Based on Bonnie Garmus’ mega-hit 2022 novel of the same name, “Lessons in Chemistry” follows protagonist Elizabeth Zott on a journey to find her own way in a (man’s) world that continually underestimates her.

Academy Award winner Brie Larson (“Room,” “Captain Marvel”) finely balances Zott’s impervious exterior — necessary to be taken seriously — with the unexpected life and career detours that come her way. The story is structured as a sort of circumstantial mystery: we first meet Elizabeth as the host of a popular 1960s cooking program before flashing back to her beginnings as a junior chemist in an all-male lab.

Lewis Pullman and Brie Larson as seen in episode 1 of Apple TV+’s “Lessons in Chemistry” (Courtesy of Apple TV+)

Along the way, she meets a celebrated but misunderstood Nobel-prize nominee (Lewis Pullman, “Top Gun: Maverick”) and his neighbor, (Aja Naomi King, “How to Get Away with Murder”), a Black mother fighting to save the neighborhood from an unjust construction project.
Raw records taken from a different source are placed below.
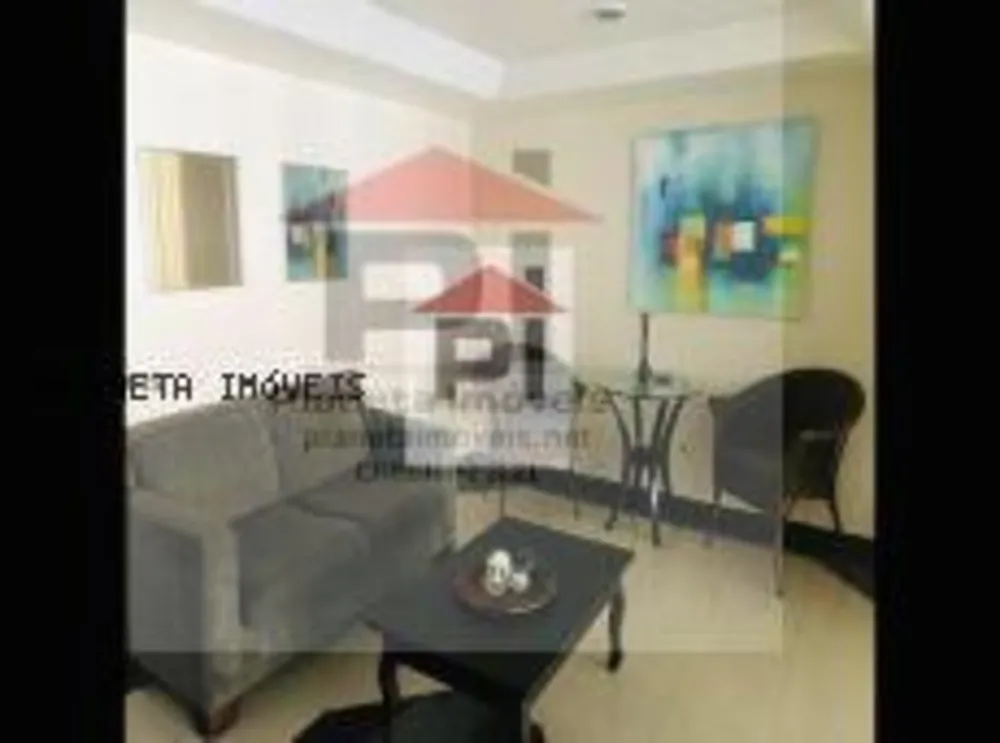Apartamento, 3 quartos, 84 m² - Foto 16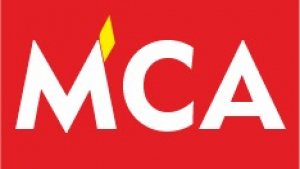 Best Motion Graphic Course in Mumbai – Learn, Create, and Succeed with Metatech Academy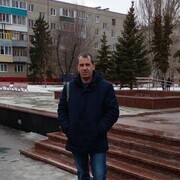  ,   , 55 ,   ,   , c 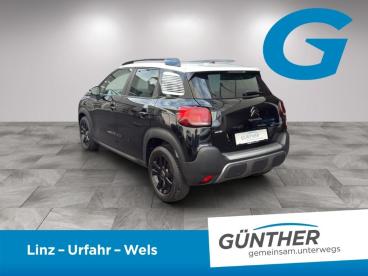 CITROEN-C3-AIRCROSS-260686_4.JPG 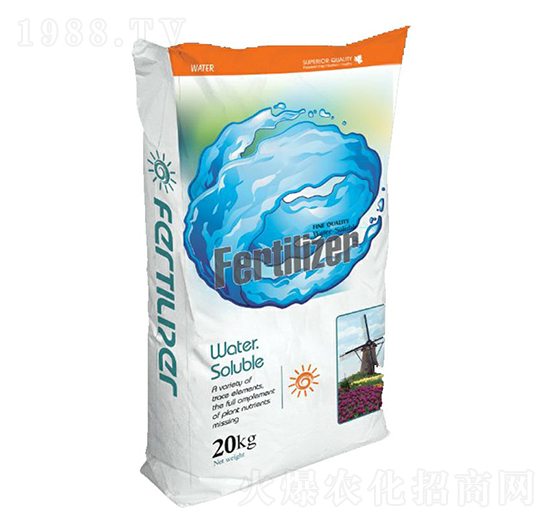 �M(j��n)�ڴ���Ԫ�ط���-�ֵ،�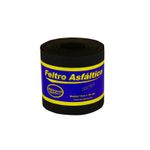 fita_asfaltica_14x40_silaqua_12tij__90002898_2086420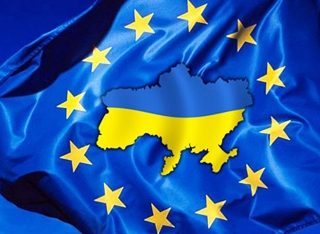 Регіональний круглий стіл з питань системи відбору адвокатів,  які залучаються до надання безоплатної вторинної правової допомоги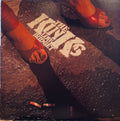 The Kinks - Low Budget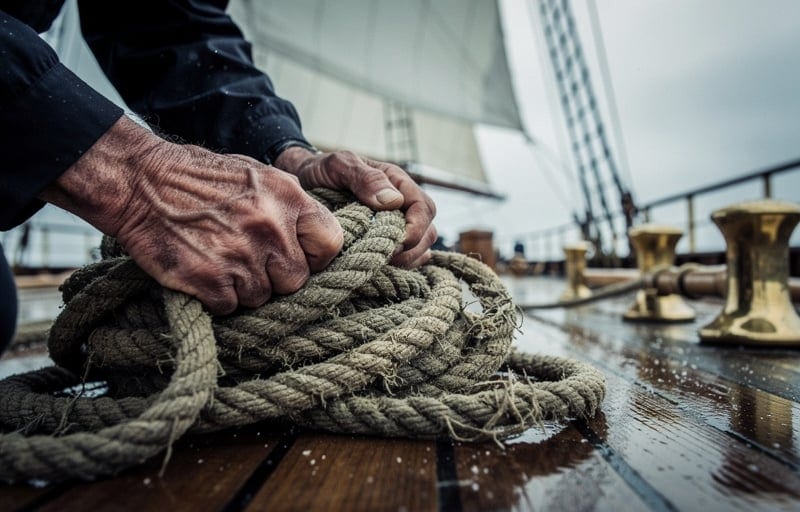 Les quatorze clippers de la Clyde : le tournant de 1869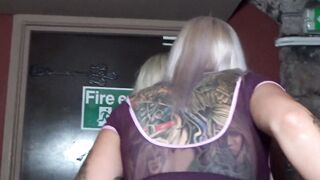 [610 of 1424 Vids] Sophieaslut (sophieasuccess_fanpage aka Sophie Anderson) OnlyFans Leaks Nude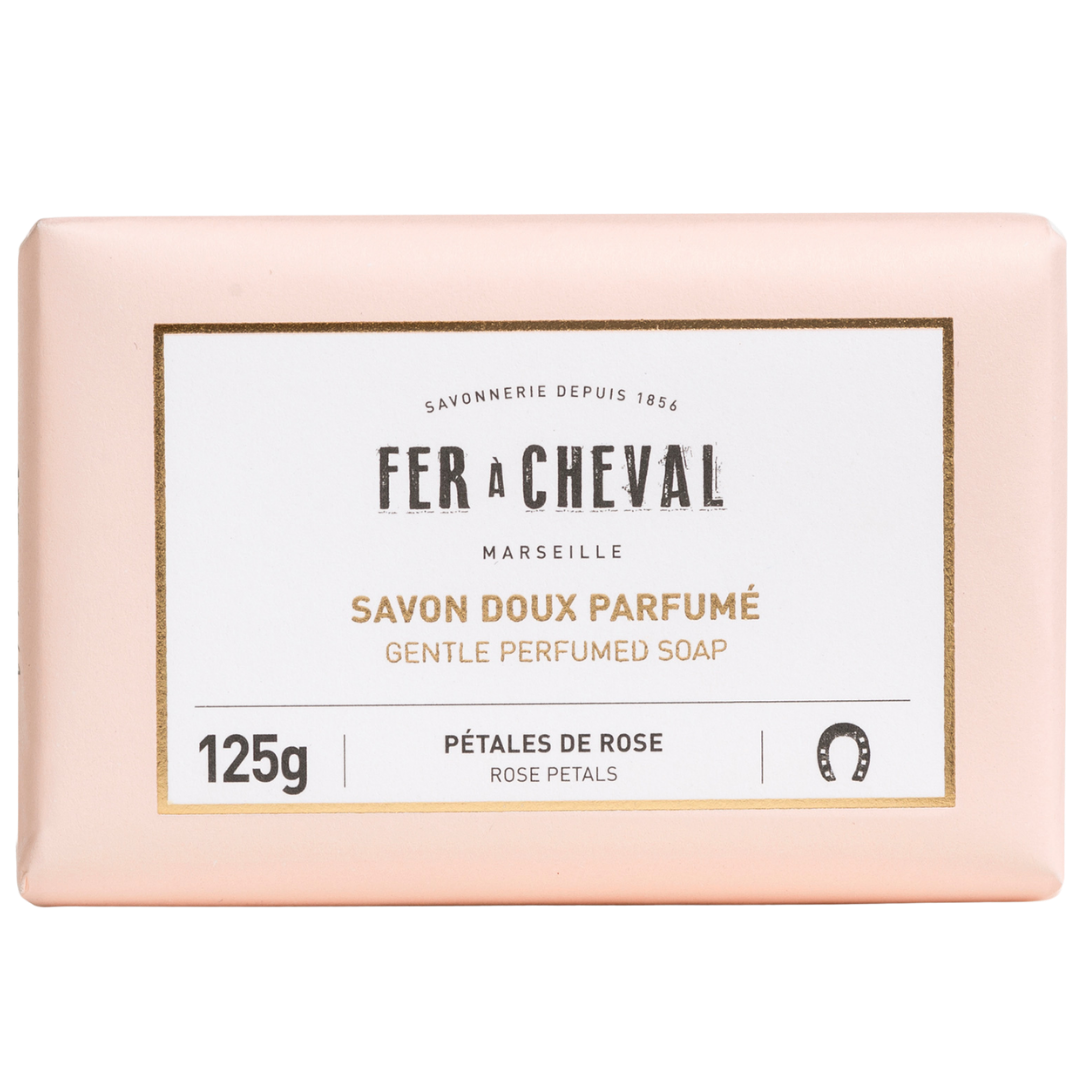 savon-doux-parfume-petales-de-rose-gentle-perfumed-soap-rose-petals125-g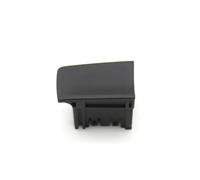 Coche Trim Interior Accesorio Para 1 2 Para X1 Para X2 Series F20 F21 F48 F49 F22 F23 Delantero Giratorio Para Cubierta Botón Luz Antiniebla Trasera Delantera(Button No.1-1)
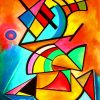 geometric-abstract-art-paint-by-numbers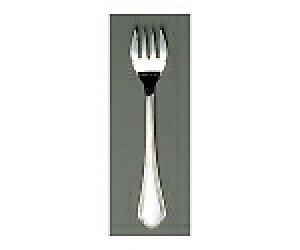 ] EBM 18-8 VFu[ ICX^[tH[N 1 2062301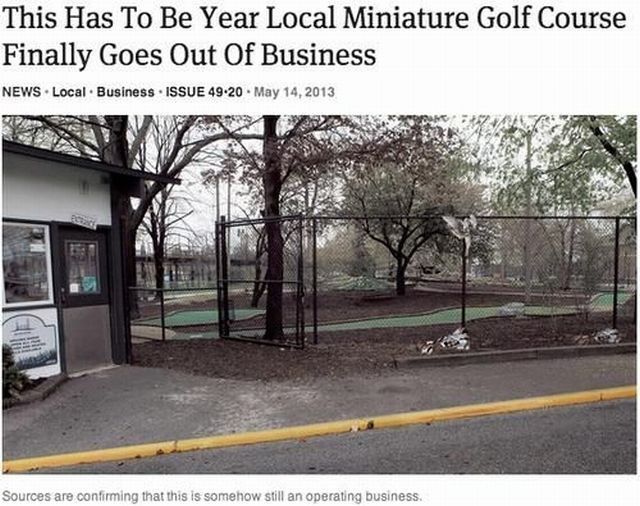 morning picdump 51 pics 10.html - 51 HD Photos | Premium Gallery 2013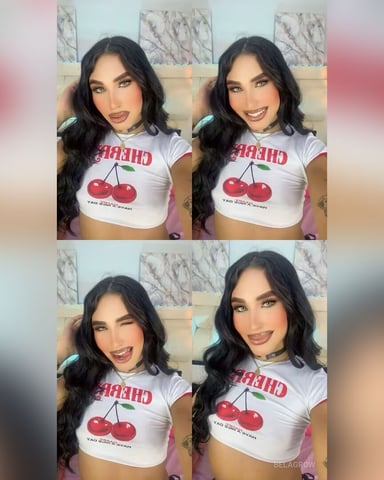 BelaGrow Foto
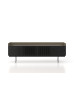 Buffet Stockholm Par Mario ruiz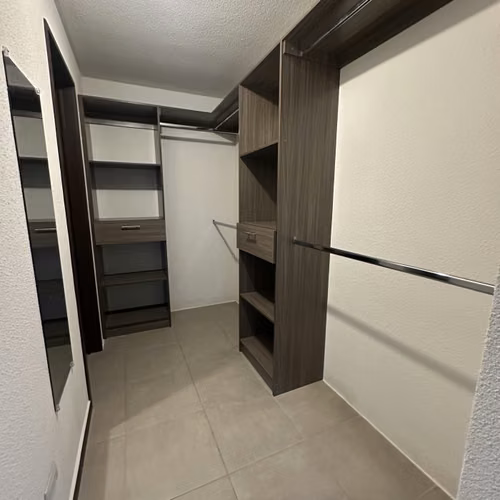Apartamento en Mariscal, Zona 11 - Imagen 6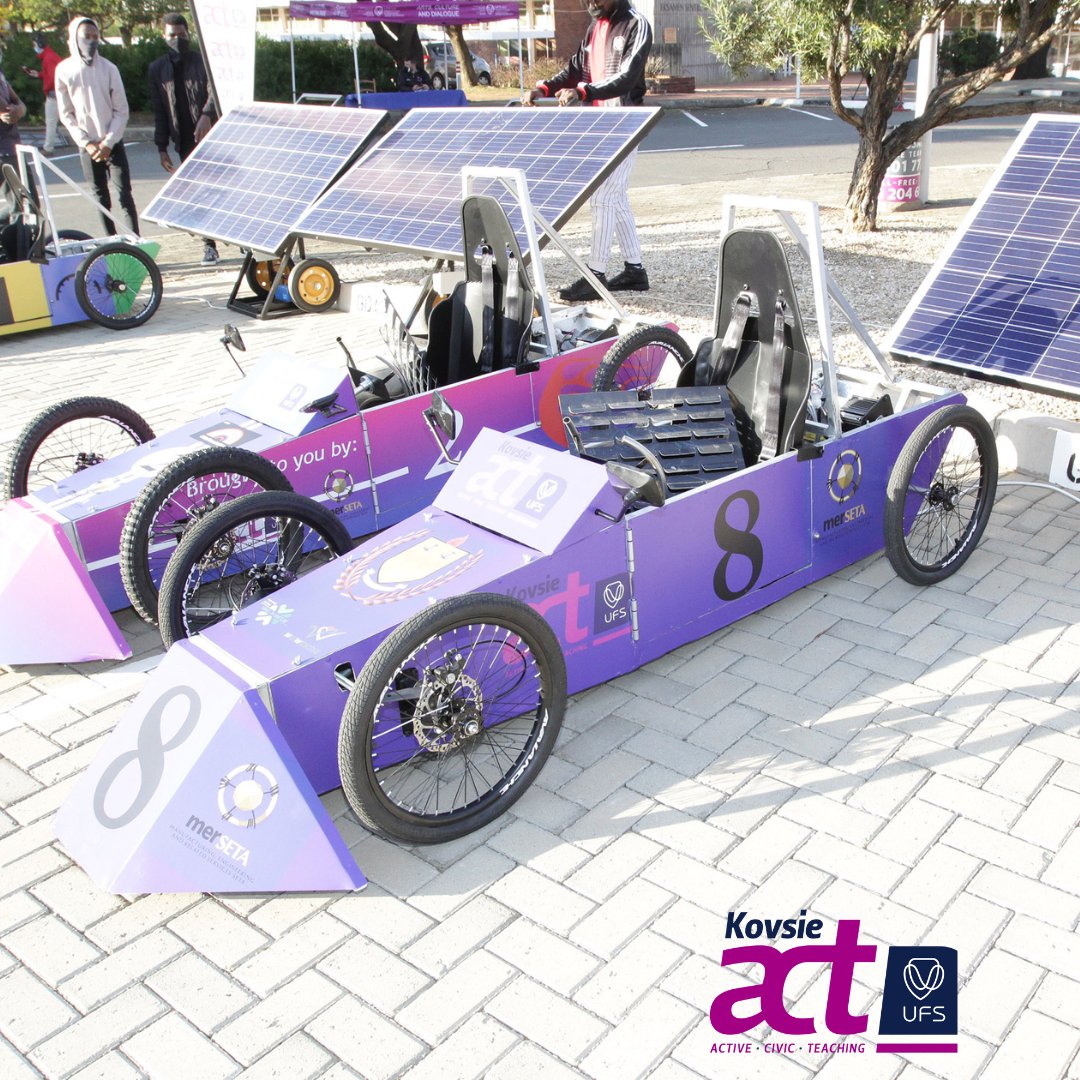 We have an exciting array of scooters, bikes and skateboards that YOU as a Cape Town E-Prix goer, get the opportunity to experience. 

Partners Include:
⚡Electric Life Rides 
⚡Wow E-bikes
⚡University of Free State
⚡Evolve Skateboards
⚡Recon Power bikes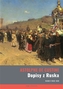 Dopisy z Ruska. Rusko v roce 1839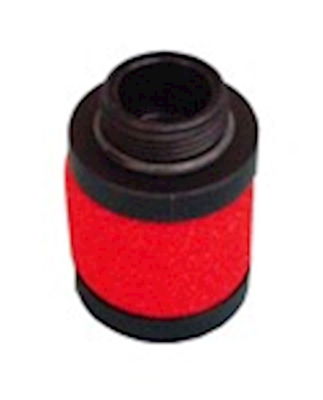 Kompressorfilter SDL37092 Kompressorfilter SDL37092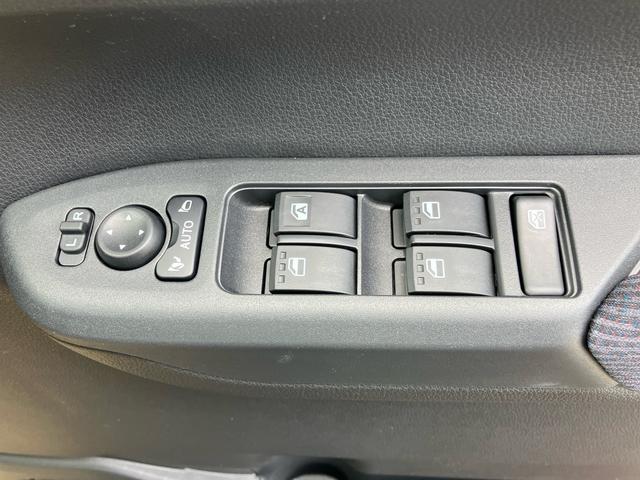 ムーヴG2WD CVT 660cc ディスプレイオーディオ バックカメラ 衝突被害軽減ブレーキ 横滑り防止機能 電動パーキングブレーキ 片側電動両側スライドドア アイドリングストップ プッシュボタンスタート(福島県)の中古車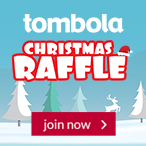 Alex Hoffmann profile image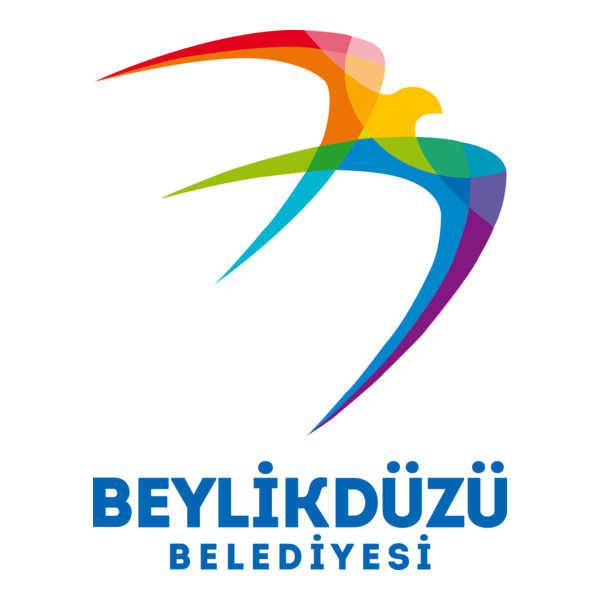 Beylikdüzü Belediyesi Logo PNG Vector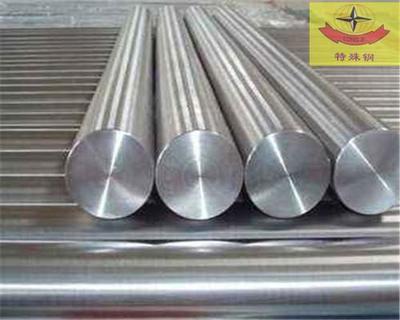 0cr18ni9鋼材基地0cr18ni9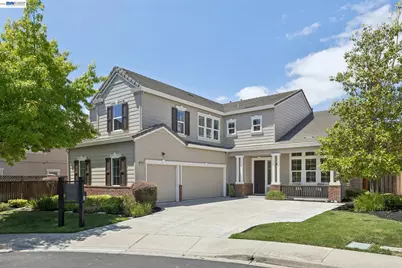 3609 Oakhurst Ct, Dublin, CA 94568 - Photo 1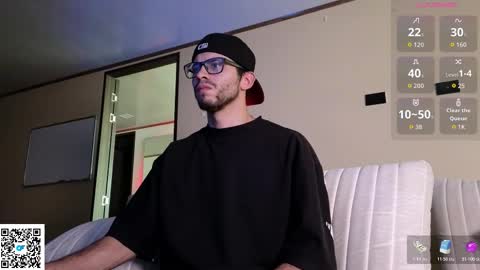 phantom_bigger1 online show from March 26, 2026, 5:29 pm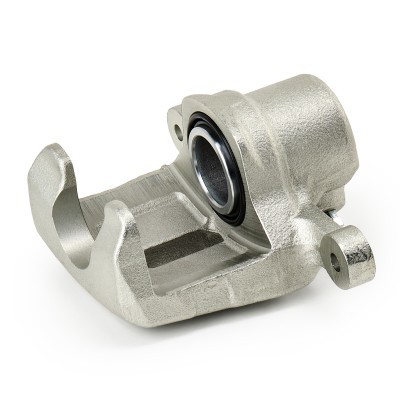 Brake Caliper RIDEX 78B1953R 78B1953R - photo 3
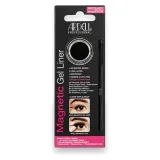 eyeliner-magnetic-ardell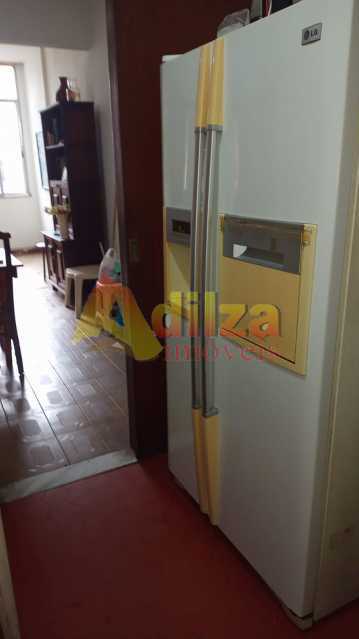 Apartamento, 2 quartos, 65 m² - Foto 22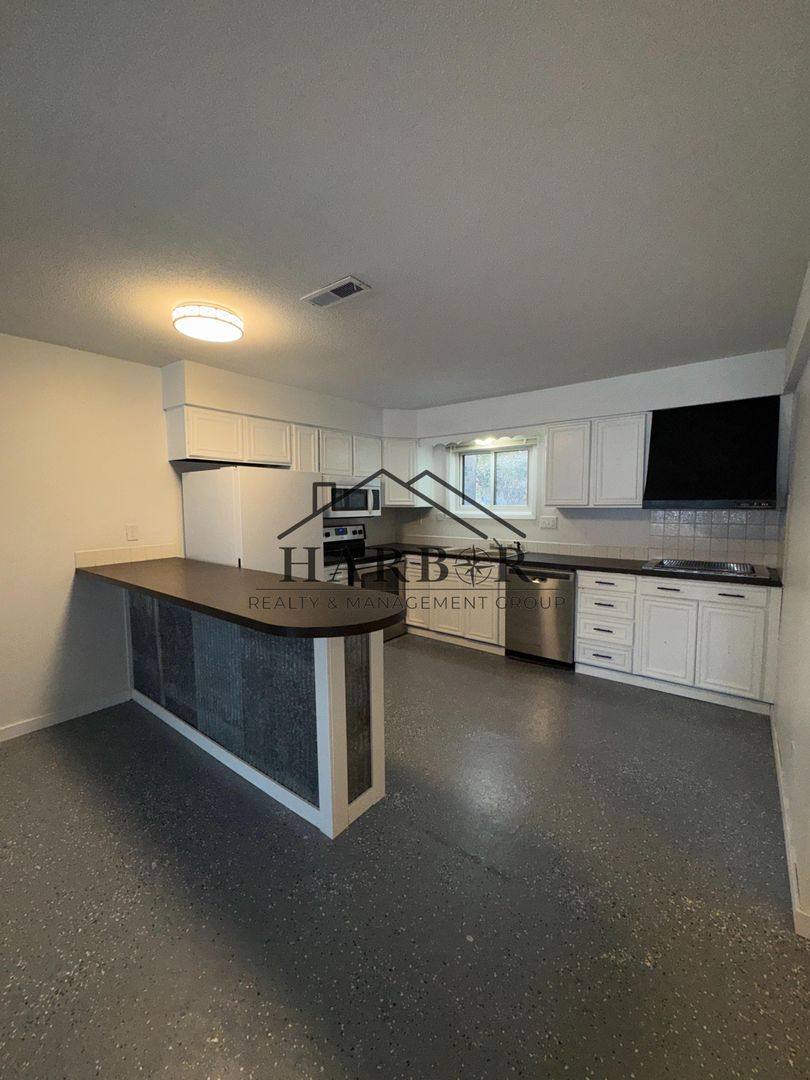 Apartment for rent at 823 Doran Dr, Boone, IA 50036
Helping bring Garmus’ novel to the screen is “Lessons” creator, executive producer and writer Lee Eisenberg (“The Office,” “Jury Duty”) and director Sarah Adina Smith (“Legion,” “Looking for Alaska”). Six-time Emmy Award nominee Eisenberg previously told Entertainment Weekly the “beautiful” book quickly became his favorite after he started reading from his wife’s Kindle.

One of the series’ knockout moments comes in episode 3, which is narrated from the point of view of a dog (voiced by B.J. Novak). On its face, the idea sounds destined for mockery but “Lessons” manages to weave a nuanced emotional arc centered around grief and self-doubt. If any episode of the show is going to make you weep, it’s probably this one.

Meanwhile, the series beefs up the role Harriet (King), who serves as the audience’s (and Elizabeth’s) entryway into what Black Americans were experiencing during this time. The show takes care to illustrate that while Elizabeth is fighting to be taken seriously in her career, Harriet — and women who look like her — are fighting to just be heard at all.

“Lessons in Chemistry” ultimately delivers a story for not only women but for anyone who’s had to work harder for credibility — and for anyone who’s found ways to succeed at being themselves when their first choices don’t work out.

Apple TV+ will release the first two episodes of “Lessons in Chemistry” Oct. 13 and subsequent episodes will be released weekly through Nov. 24.